[Gluster-devel] Need sensible default value for detecting unclean client disconnects

Tue May 20 16:26:14 UTC 2014

On Tue, May 20, 2014 at 01:30:24PM +0200, Niels de Vos wrote:
> Hi all,
> 
> the last few days I've been looking at a problem [1] where a client 
> locks a file over a FUSE-mount, and a 2nd client tries to grab that lock 
> too.  It is expected that the 2nd client gets blocked until the 1st 
> client releases the lock. This all work as long as the 1st client 
> cleanly releases the lock.
> 
> Whenever the 1st client crashes (like a kernel panic) or the network is 
> split and the 1st client is unreachable, the 2nd client may not get the 
> lock until the bricks detect that the connection to the 1st client is 
> dead.

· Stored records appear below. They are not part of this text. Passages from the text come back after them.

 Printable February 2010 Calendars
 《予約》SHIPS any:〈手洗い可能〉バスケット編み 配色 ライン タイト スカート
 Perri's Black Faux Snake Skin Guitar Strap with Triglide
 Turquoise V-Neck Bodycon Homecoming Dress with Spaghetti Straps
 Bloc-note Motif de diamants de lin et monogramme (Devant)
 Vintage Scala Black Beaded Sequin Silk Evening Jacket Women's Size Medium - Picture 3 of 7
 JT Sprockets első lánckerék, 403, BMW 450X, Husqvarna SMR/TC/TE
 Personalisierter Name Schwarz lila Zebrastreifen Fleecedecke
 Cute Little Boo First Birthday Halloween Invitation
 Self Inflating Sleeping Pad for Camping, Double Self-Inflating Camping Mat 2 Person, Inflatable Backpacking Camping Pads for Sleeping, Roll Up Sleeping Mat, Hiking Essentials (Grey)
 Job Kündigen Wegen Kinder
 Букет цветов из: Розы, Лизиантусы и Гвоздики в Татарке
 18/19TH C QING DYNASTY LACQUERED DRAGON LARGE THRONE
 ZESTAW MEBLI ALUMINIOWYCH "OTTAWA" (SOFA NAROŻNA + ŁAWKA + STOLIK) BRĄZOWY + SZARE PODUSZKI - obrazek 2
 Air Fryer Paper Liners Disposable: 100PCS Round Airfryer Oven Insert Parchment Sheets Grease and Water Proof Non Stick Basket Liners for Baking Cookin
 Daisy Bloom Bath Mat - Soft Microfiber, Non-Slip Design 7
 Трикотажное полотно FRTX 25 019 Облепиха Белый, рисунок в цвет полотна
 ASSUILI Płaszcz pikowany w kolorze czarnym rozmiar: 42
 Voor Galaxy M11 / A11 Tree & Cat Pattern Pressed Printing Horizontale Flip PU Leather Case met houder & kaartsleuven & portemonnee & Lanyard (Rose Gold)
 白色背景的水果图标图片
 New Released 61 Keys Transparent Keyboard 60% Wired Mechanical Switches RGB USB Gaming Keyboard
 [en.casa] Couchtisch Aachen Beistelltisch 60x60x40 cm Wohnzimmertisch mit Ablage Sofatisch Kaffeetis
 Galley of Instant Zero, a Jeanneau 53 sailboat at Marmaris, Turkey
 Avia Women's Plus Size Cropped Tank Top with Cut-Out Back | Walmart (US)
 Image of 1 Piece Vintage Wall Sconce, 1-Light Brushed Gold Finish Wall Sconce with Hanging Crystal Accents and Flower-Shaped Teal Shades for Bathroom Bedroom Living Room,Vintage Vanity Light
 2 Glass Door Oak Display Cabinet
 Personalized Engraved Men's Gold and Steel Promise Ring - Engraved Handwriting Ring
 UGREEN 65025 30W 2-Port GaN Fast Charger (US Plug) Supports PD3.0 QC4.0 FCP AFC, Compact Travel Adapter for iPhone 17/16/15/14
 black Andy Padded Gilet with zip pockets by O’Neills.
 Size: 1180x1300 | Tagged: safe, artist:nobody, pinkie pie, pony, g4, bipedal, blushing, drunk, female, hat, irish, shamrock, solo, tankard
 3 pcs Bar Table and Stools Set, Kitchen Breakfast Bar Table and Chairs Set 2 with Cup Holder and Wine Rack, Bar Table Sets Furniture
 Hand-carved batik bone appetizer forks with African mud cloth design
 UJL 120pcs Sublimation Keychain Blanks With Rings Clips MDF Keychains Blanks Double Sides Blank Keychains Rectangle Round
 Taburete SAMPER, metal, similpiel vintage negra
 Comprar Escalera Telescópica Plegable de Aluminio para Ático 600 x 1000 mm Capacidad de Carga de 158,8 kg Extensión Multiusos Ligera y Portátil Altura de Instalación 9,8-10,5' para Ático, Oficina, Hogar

If there are pending Replies, the bricks may need 15-20 minutes 
> until the re-transmissions of the replies have timed-out.
> 
> The current default of 15-20 minutes is quite long for a fail-over 
> scenario. Relatively recently [2], the Linux kernel got 
> a TCP_USER_TIMEOUT socket option (similar to TCP_KEEPALIVE). This option 
> can be used to configure a per-socket timeout, instead of a system-wide 
> configuration through the net.ipv4.tcp_retries2 sysctl.
> 
> The default network.ping-timeout is set to 42 seconds. I'd like to 
> propose a network.tcp-timeout option that can be set per volume. This 
> option should then set TCP_USER_TIMEOUT for the socket, which causes 
> re-transmission failures to be fatal after the timeout has passed.
> 
> Now the remaining question, what shall be the default timeout in seconds 
> for this new network.tcp-timeout option? I'm currently thinking of 
> making it high enough (like 5 minutes) to prevent false positives.
> 
> Thoughts and comments welcome,
> Niels
> 
> 
> 1 https://bugzilla.redhat.com/show_bug.cgi?id=1099460
> 2 http://git.kernel.org/cgit/linux/kernel/git/torvalds/linux.git/commit/?id=dca43c7

Posted a patch for review: http://review.gluster.org/7814